Two years after fast food workers in New York walked out of stores and restaurants throughout the city to demand $15 an hour and a union, their movement has grown and changed dramatically. That was evident on December 4, when fast food workers in approximately 190 cities went out on strike, according to organizers — the largest number so far. 

In addition, since the Fight for 15” came at a time of continuing decline in real wages for most Americans, the workers’ demands have triggered new, broad-based campaigns that are winning much higher minimum wages than anyone dreamed possible in many states and localities. Organizers claim that in large part thanks to this spreading campaign, nearly 7 million workers have received significant pay raises.

But the workers’ reliance on direct action, including civil disobedience that started last year and has been part of many protests and strikes since, has also inspired workers from other industries to join in, especially low-wage service workers who are largely interchangeable in the job market. 

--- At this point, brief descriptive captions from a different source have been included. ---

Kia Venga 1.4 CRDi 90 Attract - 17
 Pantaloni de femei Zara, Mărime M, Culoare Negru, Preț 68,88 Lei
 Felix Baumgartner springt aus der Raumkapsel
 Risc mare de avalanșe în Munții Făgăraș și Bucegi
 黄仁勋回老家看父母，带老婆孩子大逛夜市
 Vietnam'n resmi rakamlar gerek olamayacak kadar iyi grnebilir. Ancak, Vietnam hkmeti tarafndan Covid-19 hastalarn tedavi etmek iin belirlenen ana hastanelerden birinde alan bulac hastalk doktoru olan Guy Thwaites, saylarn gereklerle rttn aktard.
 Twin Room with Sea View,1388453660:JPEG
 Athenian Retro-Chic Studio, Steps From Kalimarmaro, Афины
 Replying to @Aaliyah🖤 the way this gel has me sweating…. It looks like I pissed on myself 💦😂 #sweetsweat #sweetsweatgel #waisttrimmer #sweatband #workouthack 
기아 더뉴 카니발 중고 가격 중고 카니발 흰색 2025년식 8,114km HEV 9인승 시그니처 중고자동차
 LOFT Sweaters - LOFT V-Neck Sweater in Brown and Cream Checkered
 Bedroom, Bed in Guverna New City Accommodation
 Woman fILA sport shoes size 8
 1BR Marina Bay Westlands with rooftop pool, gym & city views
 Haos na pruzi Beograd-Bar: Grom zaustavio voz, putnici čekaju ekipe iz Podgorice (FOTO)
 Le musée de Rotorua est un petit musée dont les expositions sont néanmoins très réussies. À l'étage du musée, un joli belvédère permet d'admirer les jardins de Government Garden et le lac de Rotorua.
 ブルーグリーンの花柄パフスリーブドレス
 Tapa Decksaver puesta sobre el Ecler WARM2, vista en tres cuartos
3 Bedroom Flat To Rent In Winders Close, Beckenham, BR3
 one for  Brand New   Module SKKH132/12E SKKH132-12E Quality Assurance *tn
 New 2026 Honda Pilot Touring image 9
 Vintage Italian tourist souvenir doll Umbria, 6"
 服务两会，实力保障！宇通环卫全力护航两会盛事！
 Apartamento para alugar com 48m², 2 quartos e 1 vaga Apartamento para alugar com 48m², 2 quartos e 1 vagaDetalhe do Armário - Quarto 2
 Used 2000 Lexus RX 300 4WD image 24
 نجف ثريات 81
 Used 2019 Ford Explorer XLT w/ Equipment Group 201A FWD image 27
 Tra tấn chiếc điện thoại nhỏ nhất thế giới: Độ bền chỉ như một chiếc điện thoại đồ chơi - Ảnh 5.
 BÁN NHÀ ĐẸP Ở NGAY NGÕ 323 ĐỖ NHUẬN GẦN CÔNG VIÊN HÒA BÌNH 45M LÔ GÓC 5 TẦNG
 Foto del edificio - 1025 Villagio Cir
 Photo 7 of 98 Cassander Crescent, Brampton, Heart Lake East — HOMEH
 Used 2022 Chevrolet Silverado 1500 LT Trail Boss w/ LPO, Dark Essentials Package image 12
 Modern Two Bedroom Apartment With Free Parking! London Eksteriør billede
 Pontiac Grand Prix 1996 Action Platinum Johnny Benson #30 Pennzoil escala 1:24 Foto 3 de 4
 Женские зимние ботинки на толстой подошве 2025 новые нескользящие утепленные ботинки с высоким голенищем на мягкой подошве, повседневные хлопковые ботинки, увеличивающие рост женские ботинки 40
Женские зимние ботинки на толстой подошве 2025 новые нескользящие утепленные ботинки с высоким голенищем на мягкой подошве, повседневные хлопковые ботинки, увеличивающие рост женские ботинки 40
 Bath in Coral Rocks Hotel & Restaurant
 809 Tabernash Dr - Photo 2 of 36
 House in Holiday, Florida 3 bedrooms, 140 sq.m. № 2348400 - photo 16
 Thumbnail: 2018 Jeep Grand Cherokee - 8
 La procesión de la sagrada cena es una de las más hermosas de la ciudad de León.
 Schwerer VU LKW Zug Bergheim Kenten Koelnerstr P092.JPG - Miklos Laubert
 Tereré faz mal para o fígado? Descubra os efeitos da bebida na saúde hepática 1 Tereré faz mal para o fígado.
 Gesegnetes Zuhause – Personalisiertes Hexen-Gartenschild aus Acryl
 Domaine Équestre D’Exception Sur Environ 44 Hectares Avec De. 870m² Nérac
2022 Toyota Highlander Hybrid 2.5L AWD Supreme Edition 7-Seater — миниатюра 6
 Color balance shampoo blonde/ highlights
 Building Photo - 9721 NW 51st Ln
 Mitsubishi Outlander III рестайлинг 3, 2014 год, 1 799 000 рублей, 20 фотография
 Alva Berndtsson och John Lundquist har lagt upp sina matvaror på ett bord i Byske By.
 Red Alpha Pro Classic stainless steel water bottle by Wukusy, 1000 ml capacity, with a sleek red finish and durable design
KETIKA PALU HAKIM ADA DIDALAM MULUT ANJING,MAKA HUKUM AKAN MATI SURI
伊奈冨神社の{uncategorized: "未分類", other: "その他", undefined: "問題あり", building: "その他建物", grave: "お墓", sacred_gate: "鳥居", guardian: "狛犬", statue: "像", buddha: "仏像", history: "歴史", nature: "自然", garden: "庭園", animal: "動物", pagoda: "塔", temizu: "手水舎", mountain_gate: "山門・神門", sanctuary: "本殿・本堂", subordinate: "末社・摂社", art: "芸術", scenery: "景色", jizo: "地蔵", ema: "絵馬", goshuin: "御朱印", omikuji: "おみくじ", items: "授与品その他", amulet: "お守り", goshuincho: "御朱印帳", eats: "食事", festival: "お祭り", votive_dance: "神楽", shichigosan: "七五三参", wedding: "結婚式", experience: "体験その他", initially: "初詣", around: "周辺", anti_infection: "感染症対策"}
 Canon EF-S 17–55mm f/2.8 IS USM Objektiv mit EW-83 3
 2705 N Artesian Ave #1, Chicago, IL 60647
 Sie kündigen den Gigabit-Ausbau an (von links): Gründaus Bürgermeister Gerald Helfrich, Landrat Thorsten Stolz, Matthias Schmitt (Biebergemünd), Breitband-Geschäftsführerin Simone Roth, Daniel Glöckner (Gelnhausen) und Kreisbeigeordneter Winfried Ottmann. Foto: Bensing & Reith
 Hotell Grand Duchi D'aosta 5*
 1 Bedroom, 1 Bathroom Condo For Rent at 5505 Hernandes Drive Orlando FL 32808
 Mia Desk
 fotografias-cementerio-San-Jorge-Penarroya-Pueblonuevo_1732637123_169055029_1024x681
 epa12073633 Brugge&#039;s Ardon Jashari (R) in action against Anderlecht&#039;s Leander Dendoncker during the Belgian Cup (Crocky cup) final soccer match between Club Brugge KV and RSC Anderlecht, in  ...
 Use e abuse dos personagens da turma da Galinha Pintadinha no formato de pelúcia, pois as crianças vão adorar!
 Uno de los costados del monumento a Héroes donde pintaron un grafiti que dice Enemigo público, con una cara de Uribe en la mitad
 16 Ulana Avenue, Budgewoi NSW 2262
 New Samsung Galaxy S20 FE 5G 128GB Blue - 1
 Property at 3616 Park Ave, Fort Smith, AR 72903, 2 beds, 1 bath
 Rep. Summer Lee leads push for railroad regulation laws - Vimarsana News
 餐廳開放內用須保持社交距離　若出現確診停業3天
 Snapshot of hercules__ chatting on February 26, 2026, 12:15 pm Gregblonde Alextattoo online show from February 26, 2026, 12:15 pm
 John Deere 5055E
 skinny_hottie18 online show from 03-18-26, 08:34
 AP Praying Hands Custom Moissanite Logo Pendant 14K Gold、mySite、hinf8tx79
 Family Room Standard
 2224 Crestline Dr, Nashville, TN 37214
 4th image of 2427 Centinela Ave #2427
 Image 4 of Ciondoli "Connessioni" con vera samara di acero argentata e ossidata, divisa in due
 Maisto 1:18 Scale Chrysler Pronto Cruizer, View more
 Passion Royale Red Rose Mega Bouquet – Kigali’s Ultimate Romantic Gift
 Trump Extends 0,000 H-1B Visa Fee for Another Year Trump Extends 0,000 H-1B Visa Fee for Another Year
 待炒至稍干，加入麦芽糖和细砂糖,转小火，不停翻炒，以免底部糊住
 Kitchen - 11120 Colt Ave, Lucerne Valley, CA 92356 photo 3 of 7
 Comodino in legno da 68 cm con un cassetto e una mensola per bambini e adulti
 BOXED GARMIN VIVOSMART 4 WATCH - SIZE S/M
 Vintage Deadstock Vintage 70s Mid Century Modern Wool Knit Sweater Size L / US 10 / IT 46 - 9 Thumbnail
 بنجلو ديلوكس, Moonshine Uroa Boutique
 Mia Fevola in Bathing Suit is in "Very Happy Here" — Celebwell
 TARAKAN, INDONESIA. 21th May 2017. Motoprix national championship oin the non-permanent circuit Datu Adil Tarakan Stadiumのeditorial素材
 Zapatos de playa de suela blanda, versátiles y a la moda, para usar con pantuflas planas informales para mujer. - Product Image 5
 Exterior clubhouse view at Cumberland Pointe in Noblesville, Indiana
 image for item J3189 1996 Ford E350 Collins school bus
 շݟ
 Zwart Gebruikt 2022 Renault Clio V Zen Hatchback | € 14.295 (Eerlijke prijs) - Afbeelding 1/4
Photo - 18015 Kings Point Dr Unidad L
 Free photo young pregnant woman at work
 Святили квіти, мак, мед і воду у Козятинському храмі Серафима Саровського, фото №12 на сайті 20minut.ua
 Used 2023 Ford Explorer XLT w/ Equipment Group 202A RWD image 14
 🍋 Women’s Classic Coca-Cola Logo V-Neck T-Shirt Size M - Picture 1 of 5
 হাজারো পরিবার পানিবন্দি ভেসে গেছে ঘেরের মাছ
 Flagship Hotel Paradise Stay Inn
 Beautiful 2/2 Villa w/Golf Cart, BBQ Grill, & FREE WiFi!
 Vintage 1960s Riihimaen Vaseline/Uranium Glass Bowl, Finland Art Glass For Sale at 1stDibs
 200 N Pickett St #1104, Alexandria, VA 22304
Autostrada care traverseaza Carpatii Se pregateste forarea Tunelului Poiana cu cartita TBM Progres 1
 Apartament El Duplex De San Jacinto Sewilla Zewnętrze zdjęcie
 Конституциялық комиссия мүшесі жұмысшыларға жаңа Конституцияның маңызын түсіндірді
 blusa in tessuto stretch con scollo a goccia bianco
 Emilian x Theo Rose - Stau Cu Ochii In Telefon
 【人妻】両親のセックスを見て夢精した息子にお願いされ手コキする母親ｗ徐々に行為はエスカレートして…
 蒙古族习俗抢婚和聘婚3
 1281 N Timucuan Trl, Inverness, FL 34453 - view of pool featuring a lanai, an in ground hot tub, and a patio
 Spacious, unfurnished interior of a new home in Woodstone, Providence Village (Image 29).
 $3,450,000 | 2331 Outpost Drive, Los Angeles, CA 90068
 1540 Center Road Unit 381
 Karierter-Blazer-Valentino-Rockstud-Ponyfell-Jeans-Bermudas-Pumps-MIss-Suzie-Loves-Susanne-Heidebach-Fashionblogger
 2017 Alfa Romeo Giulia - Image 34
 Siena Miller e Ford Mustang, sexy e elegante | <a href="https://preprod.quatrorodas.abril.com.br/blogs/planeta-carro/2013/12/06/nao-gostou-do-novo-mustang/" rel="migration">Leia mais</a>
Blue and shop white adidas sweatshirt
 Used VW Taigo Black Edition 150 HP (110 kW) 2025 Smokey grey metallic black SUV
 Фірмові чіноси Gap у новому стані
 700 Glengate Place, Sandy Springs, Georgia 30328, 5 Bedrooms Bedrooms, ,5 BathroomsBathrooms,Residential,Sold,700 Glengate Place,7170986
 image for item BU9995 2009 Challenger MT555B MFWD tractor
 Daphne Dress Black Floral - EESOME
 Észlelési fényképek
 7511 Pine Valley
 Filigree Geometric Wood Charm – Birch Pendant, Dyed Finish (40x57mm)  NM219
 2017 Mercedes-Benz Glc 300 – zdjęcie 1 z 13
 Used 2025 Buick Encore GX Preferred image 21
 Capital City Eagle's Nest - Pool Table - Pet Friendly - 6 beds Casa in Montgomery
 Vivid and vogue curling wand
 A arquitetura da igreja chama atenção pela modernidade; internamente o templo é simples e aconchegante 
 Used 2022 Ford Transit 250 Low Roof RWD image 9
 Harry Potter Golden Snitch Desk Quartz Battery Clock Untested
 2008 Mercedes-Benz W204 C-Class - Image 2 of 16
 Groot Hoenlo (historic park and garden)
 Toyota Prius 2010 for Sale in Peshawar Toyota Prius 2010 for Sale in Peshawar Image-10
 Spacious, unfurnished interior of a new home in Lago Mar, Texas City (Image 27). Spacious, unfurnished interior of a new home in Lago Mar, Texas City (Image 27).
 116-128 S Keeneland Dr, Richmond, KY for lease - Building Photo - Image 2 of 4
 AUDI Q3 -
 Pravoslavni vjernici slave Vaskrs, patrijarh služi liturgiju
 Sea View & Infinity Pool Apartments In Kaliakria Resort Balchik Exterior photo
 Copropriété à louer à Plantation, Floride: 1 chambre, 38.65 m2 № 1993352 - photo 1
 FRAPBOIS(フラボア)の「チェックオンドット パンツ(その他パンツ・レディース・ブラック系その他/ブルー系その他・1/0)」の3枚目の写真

For example, according to organizers, as workers went out on strike at the super-sized Rock n Roll McDonald’s” in downtown Chicago during today’s actions, a convenience store clerk at a nearby BP station who had witnessed such protests before walked off his job and joined the fast food workers. Around the country, organizers said that burger cooks and cashiers were joined not only by convenience store workers but also home care aides, airport workers, dollar store and Walmart clerks, federal contract workers and even some adjunct professors.

The tone of the protests has changed in some ways, as well. While many workers are still reluctant to join in the fight for fear of losing their job, unstable and low-paying though it may be, the campaign’s success in using community support to keep strikers from losing their jobs set the tone for workers in New York that management would have to deal with the community,” says New York City’s Fast Food Forward organizing director Kendall Fells. (The campaign has different names in different cities, such as Fast Food Forward in New York or, in Chicago, Fight for 15 — the project of an independent union, the Workers Organizing Committee of Chicago.) And protestors seem almost as likely to emphasize having a union as to focus on the obviously popular goal of winning pay increases to $15 an hour (and 40-hour weeks). 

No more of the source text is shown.